* **Task requirements**:
The full listing needs to be output exactly.

——

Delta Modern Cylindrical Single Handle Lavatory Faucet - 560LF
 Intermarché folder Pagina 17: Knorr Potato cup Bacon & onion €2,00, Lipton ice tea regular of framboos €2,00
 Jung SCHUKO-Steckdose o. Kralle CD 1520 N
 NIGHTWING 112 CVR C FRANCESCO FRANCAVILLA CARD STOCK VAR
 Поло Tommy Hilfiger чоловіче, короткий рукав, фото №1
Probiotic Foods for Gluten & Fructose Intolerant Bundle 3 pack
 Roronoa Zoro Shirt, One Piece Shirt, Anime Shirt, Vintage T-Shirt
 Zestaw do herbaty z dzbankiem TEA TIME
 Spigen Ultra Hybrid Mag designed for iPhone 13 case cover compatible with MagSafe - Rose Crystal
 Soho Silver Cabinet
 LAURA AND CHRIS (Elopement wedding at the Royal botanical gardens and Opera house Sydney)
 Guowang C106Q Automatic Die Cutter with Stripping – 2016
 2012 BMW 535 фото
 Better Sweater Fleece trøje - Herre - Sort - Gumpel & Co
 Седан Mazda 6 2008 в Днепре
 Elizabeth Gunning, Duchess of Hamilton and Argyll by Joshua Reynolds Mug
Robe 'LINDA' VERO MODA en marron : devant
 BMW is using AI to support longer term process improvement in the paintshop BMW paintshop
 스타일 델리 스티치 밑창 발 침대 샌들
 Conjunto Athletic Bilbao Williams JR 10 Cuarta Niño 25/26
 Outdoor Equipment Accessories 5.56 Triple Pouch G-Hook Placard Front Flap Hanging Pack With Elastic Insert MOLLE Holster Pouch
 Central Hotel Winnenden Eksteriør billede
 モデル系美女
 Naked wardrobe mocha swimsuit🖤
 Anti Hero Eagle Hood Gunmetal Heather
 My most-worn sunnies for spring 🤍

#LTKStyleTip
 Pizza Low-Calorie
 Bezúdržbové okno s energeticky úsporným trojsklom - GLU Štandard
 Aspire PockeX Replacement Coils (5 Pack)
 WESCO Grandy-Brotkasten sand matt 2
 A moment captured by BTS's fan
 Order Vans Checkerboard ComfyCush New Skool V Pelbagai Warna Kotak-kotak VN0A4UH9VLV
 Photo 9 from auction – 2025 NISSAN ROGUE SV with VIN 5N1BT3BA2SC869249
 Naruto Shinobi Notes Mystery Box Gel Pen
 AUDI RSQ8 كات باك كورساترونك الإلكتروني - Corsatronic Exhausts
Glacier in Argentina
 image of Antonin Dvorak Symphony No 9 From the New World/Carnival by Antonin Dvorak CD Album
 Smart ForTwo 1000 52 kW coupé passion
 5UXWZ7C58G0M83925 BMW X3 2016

——

* **Completed task**:
Delta Modern Cylindrical Single Handle Lavatory Faucet - 560LF
 Intermarché folder Pagina 17: Knorr Potato cup Bacon & onion €2,00, Lipton ice tea regular of framboos €2,00
 Jung SCHUKO-Steckdose o. Kralle CD 1520 N
 NIGHTWING 112 CVR C FRANCESCO FRANCAVILLA CARD STOCK VAR
 Поло Tommy Hilfiger чоловіче, короткий рукав, фото №1
Probiotic Foods for Gluten & Fructose Intolerant Bundle 3 pack
 Roronoa Zoro Shirt, One Piece Shirt, Anime Shirt, Vintage T-Shirt
 Zestaw do herbaty z dzbankiem TEA TIME
 Spigen Ultra Hybrid Mag designed for iPhone 13 case cover compatible with MagSafe - Rose Crystal
 Soho Silver Cabinet
 LAURA AND CHRIS (Elopement wedding at the Royal botanical gardens and Opera house Sydney)
 Guowang C106Q Automatic Die Cutter with Stripping – 2016
 2012 BMW 535 фото
 Better Sweater Fleece trøje - Herre - Sort - Gumpel & Co
 Седан Mazda 6 2008 в Днепре
 Elizabeth Gunning, Duchess of Hamilton and Argyll by Joshua Reynolds Mug
Robe 'LINDA' VERO MODA en marron : devant
 BMW is using AI to support longer term process improvement in the paintshop BMW paintshop
 스타일 델리 스티치 밑창 발 침대 샌들
 Conjunto Athletic Bilbao Williams JR 10 Cuarta Niño 25/26
 Outdoor Equipment Accessories 5.56 Triple Pouch G-Hook Placard Front Flap Hanging Pack With Elastic Insert MOLLE Holster Pouch
 Central Hotel Winnenden Eksteriør billede
 モデル系美女
 Naked wardrobe mocha swimsuit🖤
 Anti Hero Eagle Hood Gunmetal Heather
 My most-worn sunnies for spring 🤍

#LTKStyleTip
 Pizza Low-Calorie
 Bezúdržbové okno s energeticky úsporným trojsklom - GLU Štandard
 Aspire PockeX Replacement Coils (5 Pack)
 WESCO Grandy-Brotkasten sand matt 2
 A moment captured by BTS's fan
 Order Vans Checkerboard ComfyCush New Skool V Pelbagai Warna Kotak-kotak VN0A4UH9VLV
 Photo 9 from auction – 2025 NISSAN ROGUE SV with VIN 5N1BT3BA2SC869249
 Naruto Shinobi Notes Mystery Box Gel Pen
 AUDI RSQ8 كات باك كورساترونك الإلكتروني - Corsatronic Exhausts
Glacier in Argentina
 image of Antonin Dvorak Symphony No 9 From the New World/Carnival by Antonin Dvorak CD Album
 Smart ForTwo 1000 52 kW coupé passion
 5UXWZ7C58G0M83925 BMW X3 2016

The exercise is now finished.